Love is in the air and although my rational mind knows that it is the angular momentum of the earth which makes the world go round my heart wants to believe otherwise. And I am tempted to bare my heart and recount an unlikely love story.
He came somewhat late in my life and changed it forever. We enjoyed a great companionship, a perfect camaraderie. We shared comfortable silences without ever needing to utter a word. To him I was transparent. He knew what I was feeling or thinking before I felt it myself. And when I spoke he hung on to every word , listening attentively not just to what I said but how I said it. He understood the finer nuances of body language and knew by the tone of my voice what I really meant
We understood each other perfectly. He would never interrupt me and if, rarely , he couldn’t follow me or disagreed he would cock his head to one side and give me a puzzled look . A gentle request for me to slow down or rethink what I was saying.
He was exceptionally good looking and tall for his kind . One look at him and maidens would swoon. I was appalled by how they would shamelessly try to touch him and win him over . At times the constant attention he got from these young and nubile girls made me insecure .But he never gave me reason to complain. He would come hastily when I called. Always ready to honour and to protect .He was quick to forgive, quicker to forget mistakes. Never held a grudge for too long. Never went to sleep angry. He was never too tired, too busy or too preoccupied.
He loved my cooking and gratefully ate whatever I offered , always asking for seconds. We never fought over the remote. He was willing to watch whatever I chose and I would often catch him looking at me instead of the TV. He cherished the sight of me and I would wake up to his breath on my face and him gazing adoringly into my eyes.
He was playful and fun. He loved to play the clown, to fool around, to make me laugh. He would follow me around trying to help in little chores . He would gladly clean up spills and fetch things before I asked or even needed them
But of all his qualities the one I miss most is that he never shied away from telling me how pleased he was to have me in his life . He constantly showed how much I meant to him and how he missed me.
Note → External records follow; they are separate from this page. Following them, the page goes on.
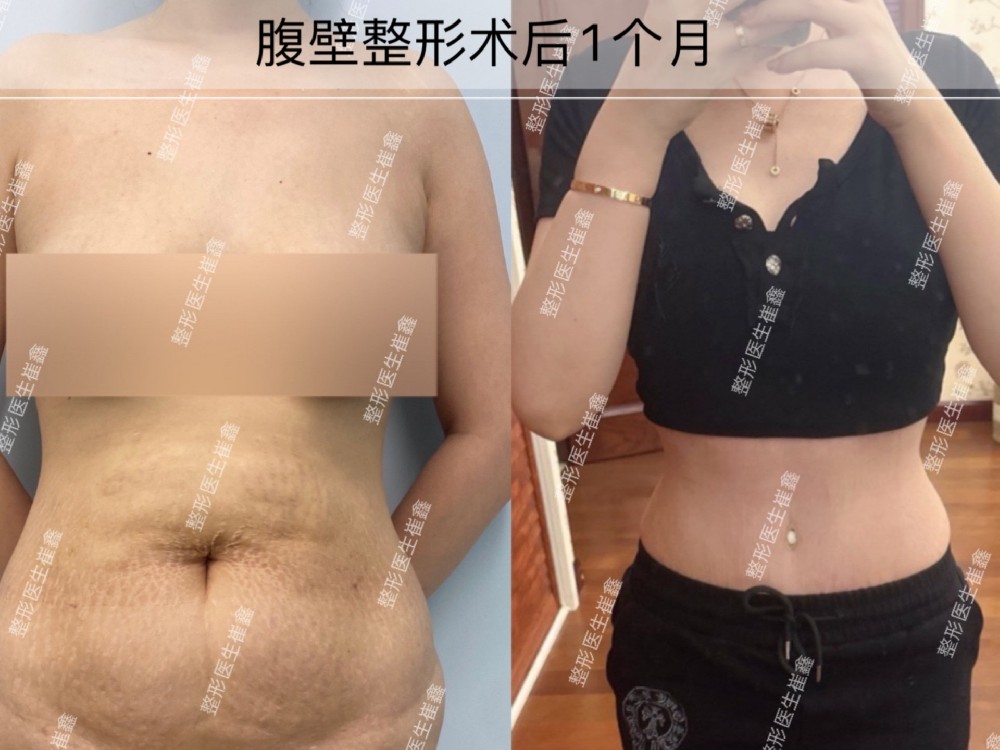 腹壁整形术后1个月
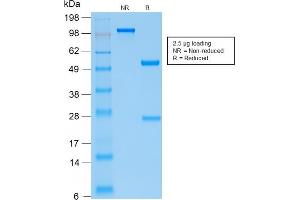 SDS-PAGE Analysis Purified PTH Monospecific Recombinant Rabbit Monoclonal Antibody (PTH/2295R). (Recombinant PTH antibody  (AA 32-115))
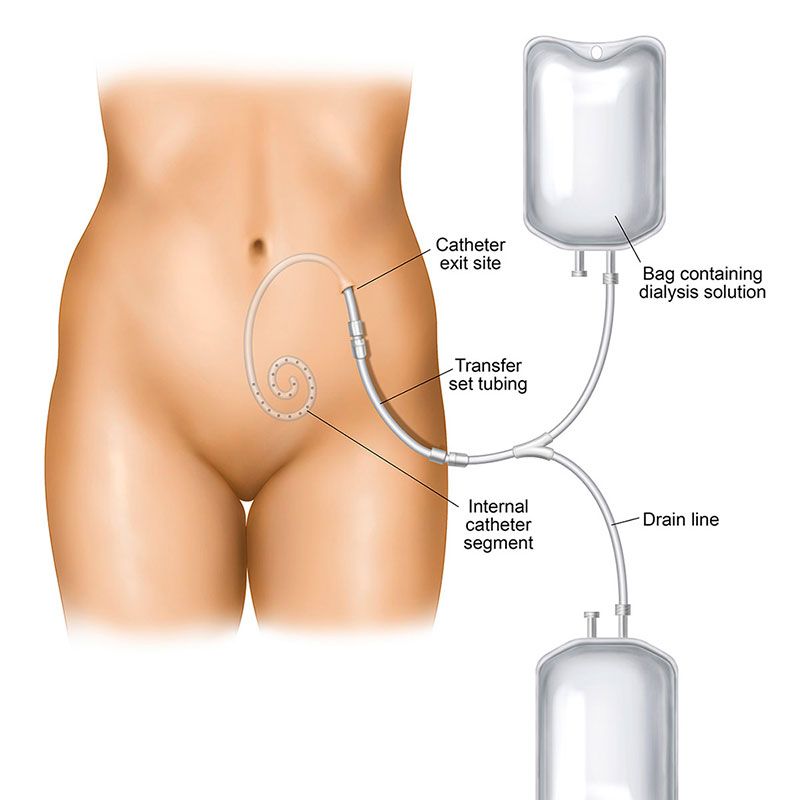 dialysis catheter types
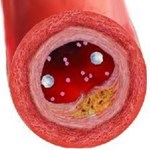 عدم پاسخ درمانی به داروهای کاهنده کلسترول با گرفتگی عروق رابطه دارد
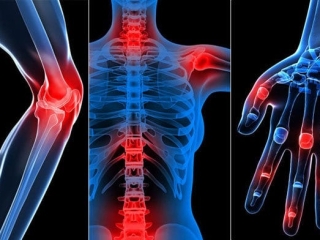 Cách sử dụng nước cốt nhàu Vitalnoni đúng cách cho người tiểu đường, huyết áp, xương khớp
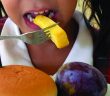 Çocukluk Çağı Obezitesi Artıyor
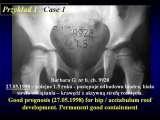 DDH/Cong.luxation of hip/LUBLIN method ot therapy/LECTURE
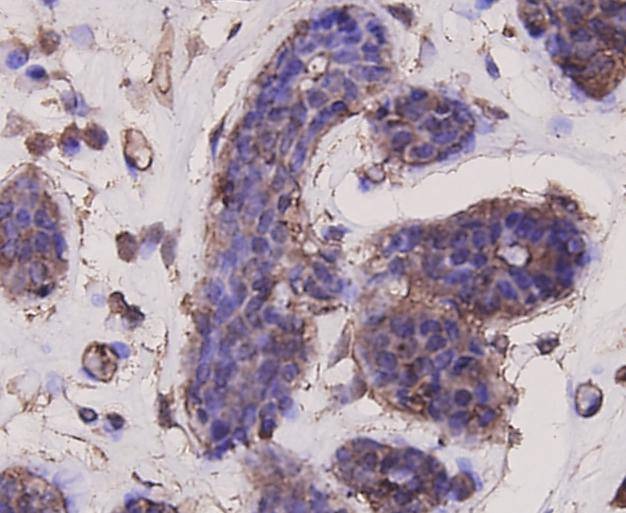Anti-AKT1 Antibody (7N506)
He made homecoming a celebration, even if we were apart for just a couple of hours.
He was a careless dresser and clearly showed a preference for staying au naturale but, just to humour me, would wear whatever I bought him. He was obsessed with his hair and loved to sport the unkempt look . He hated shaves and haircuts. He also hated brushes and combs and preferred that I tousled his hair with my fingers instead . Truth be told,he was a bit sloppy when it came to personal hygiene. He hated to bathe. In fact the mention of it would send him scurrying for cover.
Leaving aside this and the occasional grumpiness, he was perfect. And there was never a bad mood which couldn’t be made better with a cuddle , a kiss or a small treat. It was so easy to gauge his moods. Just a look at his gait and I could tell . He had a walk for every occasion. The quick purposeful walk, the playful romp , the sneaky slow crawl , the rebellious heavy trudge and the dangerous prowl are just a few which come to mind
And then one day, he walked off on his furry paws leaving a dog shaped hole in my heart . I forgot to mention that he had very little dog sense , else he would have sniffed his way back home. Although over time the territorial markings that he loved to make ,have worn off , the one on my heart stays. Pogo, my love , I miss you! Come back, my Valentine.